Burocracia: um obstáculo persistente
A burocracia excessiva, uma herança do sistema anterior, continua a ser um grande entrave. A complexidade dos processos e a falta de clareza nos procedimentos não só dificultam a vida dos imigrantes, mas também sobrecarregam os funcionários da agência.
A transferência de algumas responsabilidades para o Instituto dos Registos e do Notariado (IRN) não resolveu o problema, apenas o deslocou, perpetuando atrasos e frustrações.
Impacto internacional
O impacto dessa situação ultrapassa as fronteiras portuguesas. A imagem de Portugal como um país acolhedor e aberto à imigração está seriamente comprometida.
As longas esperas e a incerteza quanto ao estatuto legal estão a empurrar muitos imigrantes para a porta de saída, o que pode ter consequências negativas para a economia portuguesa, que depende significativamente da mão de obra estrangeira em diversos setores.
Exemplos de impacto real
A situação chegou a um ponto crítico em que, por exemplo, as pessoas aguardam mais de dois anos apenas para efetuar o pagamento necessário para a emissão dos títulos de residência. Em alguns casos, agregados familiares inteiros enfrentam uma espera superior a dois anos para entregar ao Estado quantias que ultrapassam os 40.000 euros.
Esta realidade destaca de forma dramática a gravidade da crise e a necessidade urgente de reformas eficazes.
Ação urgente necessária
É crucial reconhecer que a transição do SEF para a AIMA foi mal-executada e que medidas urgentes são necessárias para corrigir o curso. O Governo português precisa de agir rapidamente para resolver os problemas estruturais da agência.

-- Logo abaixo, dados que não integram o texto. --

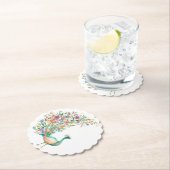 Pfauenpapier-Round-Untersetzer Untersetzer (Vor Ort)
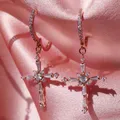 Huretailers-Boucles d'oreilles pendantes en or rose pour femmes boucles d'oreilles créoles en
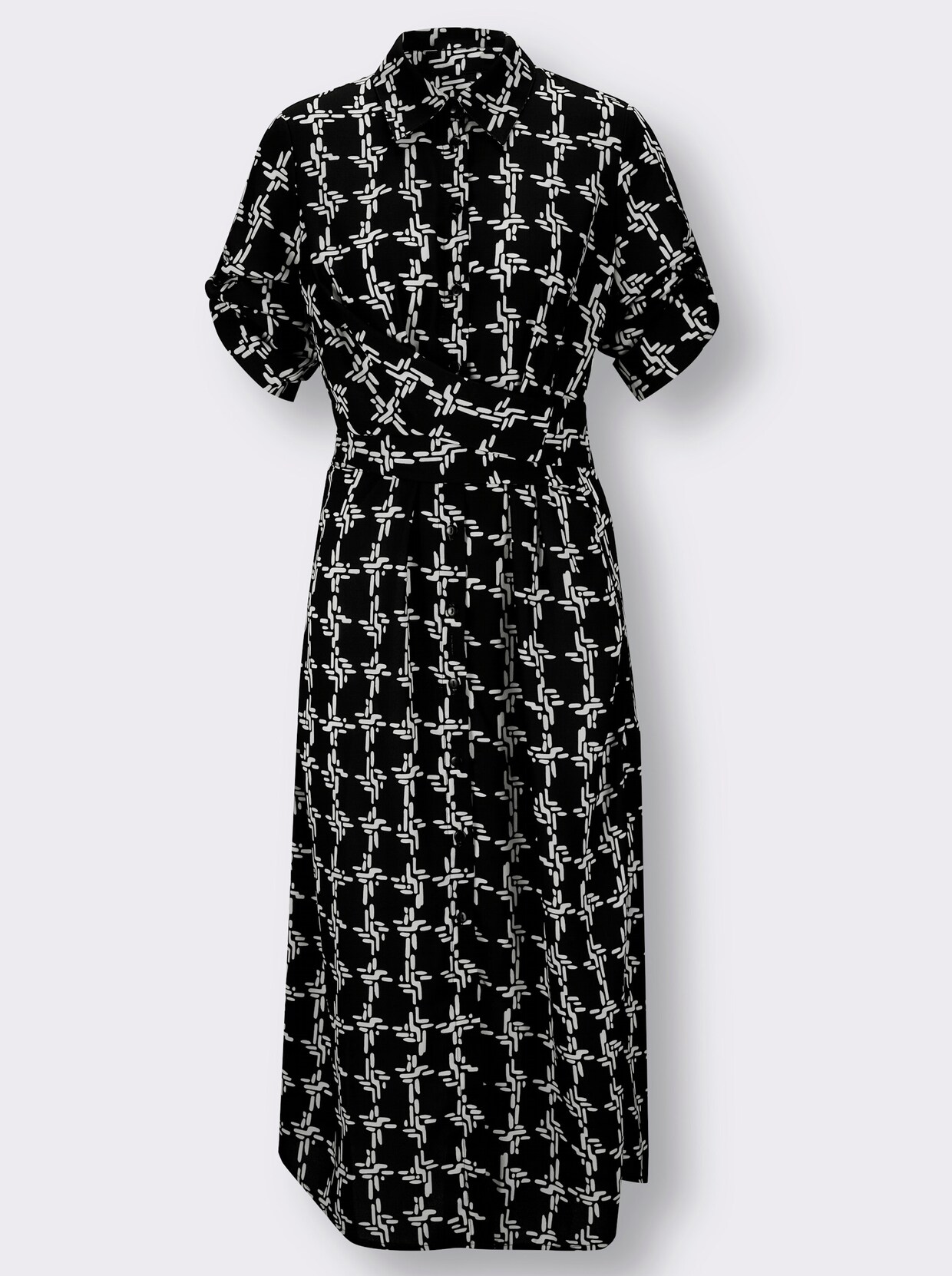 Kleid - schwarz-weiß-bedruckt
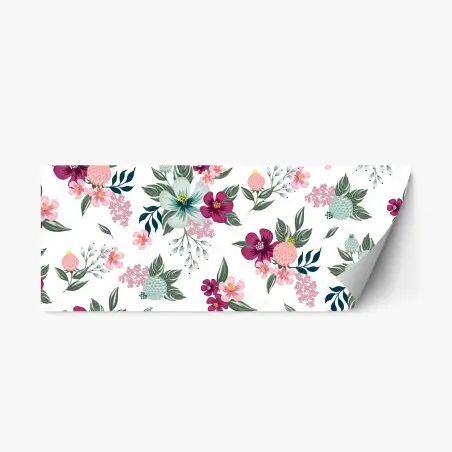Pegatina reposicionable elegante estampado floral en tonos rosa y verde – Pixers®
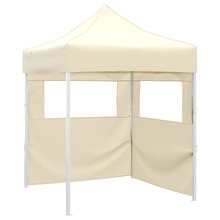 Kokkupandav peotelk vidaXL 2 seinaga, 2x2 m, kreemjas, teras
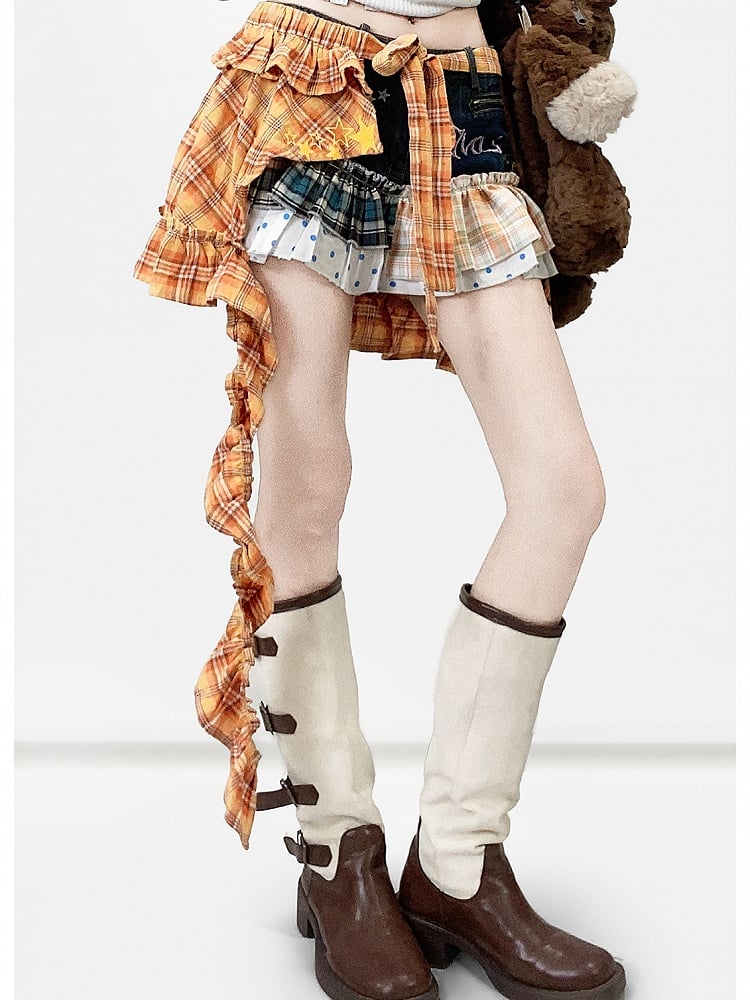 Blue Y2K Plaid And Polka-dot Pattern Shorts + Orange Plaid Pattern Letter Print Accessory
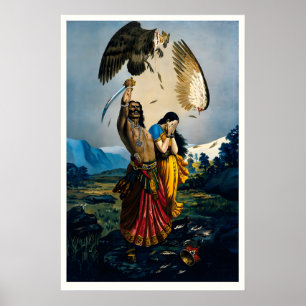 Ramayana Art Print Ravana & Jatayu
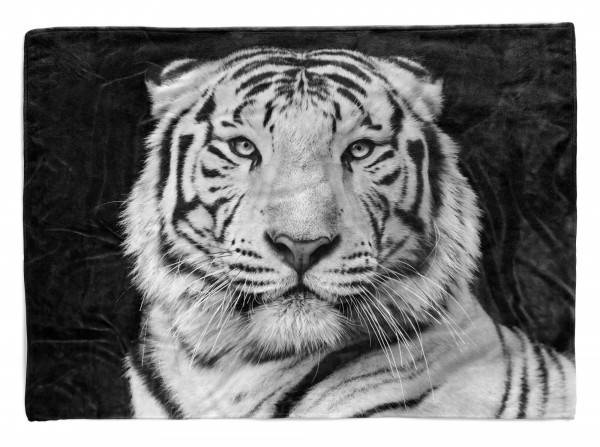 Paul Sinus Art Handtuch Strandhandtuch Saunatuch Kuscheldecke mit Tiermotiv weißer Tiger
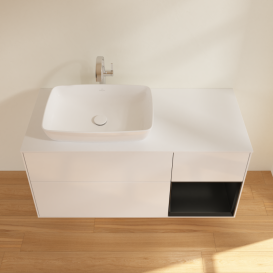 Тумба под раковину Villeroy & Boch Finion 120х50,1 см с подсветкой МДФ глянцевый белый лак/стекло белое матовое G811PDGF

Isso inclui um aumento significativo no número de funcionários, investimentos em tecnologia e infraestrutura, e uma revisão completa dos processos burocráticos para torná-los mais eficientes e transparentes.
Coordenação e gestão eficaz
Além disso, é fundamental uma maior coordenação entre a AIMA e outros órgãos governamentais envolvidos no processo de imigração. A criação da Unidade de Coordenação de Fronteiras e Estrangeiros é um passo na direção certa, mas a sua eficácia ainda precisa de ser comprovada no terreno.
Prioridade nacional
Por fim, é essencial que o Governo português reconheça a gravidade da situação e a trate como uma prioridade nacional. A imigração é um fator crucial para o desenvolvimento económico e social de Portugal, e a incapacidade de gerir adequadamente esse processo pode ter consequências de longo prazo para o país.
Um futuro ainda possível
A transição do SEF para a AIMA foi uma oportunidade perdida para melhorar significativamente o sistema de imigração português. No entanto, ainda há tempo para corrigir o curso. Com vontade política, investimentos adequados e uma abordagem centrada nos direitos e necessidades dos imigrantes, é possível transformar a AIMA na agência eficiente e humana que Portugal necessita e merece.